There are a few common types of VCT: the generalists invest across different industries and sectors – although they’ll have a specific investment strategy to narrow down target companies; the specialists focus on specific sectors, which typically means even less diversification and higher risk; and AIM VCTs invest in new shares issued by AIM companies and tend to be easier to buy and sell. They will usually either run for the long term, or for a limited period – usually around the five year minimum allowed for VCTs – at which point they will sell out of the investments and distribute the money.
What is the appeal of Venture Capital Trusts?
Tax-efficient investment gets more difficult as your income and your pension grow. The tapering of pension allowances for higher earners, the introduction of annual allowances and the shrinking of lifetime allowances have all meant investors looking elsewhere for tax relief. ISAs are a sensible first port of call, but once the annual allowance is used, they will cast the net wider, and VCTs offer substantial tax perks.

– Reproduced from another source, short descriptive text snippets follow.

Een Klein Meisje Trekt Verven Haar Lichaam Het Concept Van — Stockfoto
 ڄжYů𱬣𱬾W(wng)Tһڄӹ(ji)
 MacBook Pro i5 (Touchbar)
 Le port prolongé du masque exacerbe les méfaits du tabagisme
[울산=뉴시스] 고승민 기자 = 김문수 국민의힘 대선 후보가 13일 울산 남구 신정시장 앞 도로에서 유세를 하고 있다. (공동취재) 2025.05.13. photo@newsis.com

“The right VCT investment doesn’t just offer tax breaks, it also aims to offer significant capital growth and provide a stream of higher dividends, which look particularly striking at a time of lower interest rates,” explains Sarah Coles, Senior Personal Finance Analyst at Hargreaves Lansdown. “However, these investments are much riskier than mainstream options. Some of the companies they invest in are the growth stories of the future, whereas others will fail entirely. It means VCTs are sophisticated, long-term investments only suitable as a small part of significant portfolios. Investors also have less choice than in previous years: we’ve only seen this few VCTs once before in the past decade. It means more investors chasing fewer opportunities.”
It’s also difficult to access the capital invested in the short term, Coles says, because they invest in illiquid investments, which can be difficult to sell. They also usually trade at a discount to their net asset value, because second hand VCTs don’t offer up-front tax relief, so are less attractive to investors. It means they are niche, risky, long-term investments.
VCTs have become even more risky over time too as the rules for what qualifies have become stricter, and larger more established companies have been excluded – along with those supported by subsidies.
If there’s a sensible place in your large and diverse portfolio for VCTs, they offer some impressive benefits, but if you invest purely for tax reasons, and don’t consider the risks involved carefully, you could be making an expensive mistake.
What are the tax perks of VCTs?
When you invest you get income tax relief, up to a maximum of 30% of the amount invested (capped at £200,000 per tax year). This can be offset against income tax in the year you invest. If, for example, you invest £100,000 in a VCT, you’ll be able to cut your income tax bill by up to £30,000 in that year. However, the amount you can cut it by depends on your tax bill. So if in that year you only pay £15,000 in income tax, you could only reduce your tax bill by £15,000.
Any dividends are tax-free too, and any growth isn’t subject to capital gains tax. However, the rules on VCTs have changed in the past, so your tax benefits will depend on the investments within the VCT continuing to qualify if there are rule changes in future. You also need to hold the investment for five years to get the tax benefits.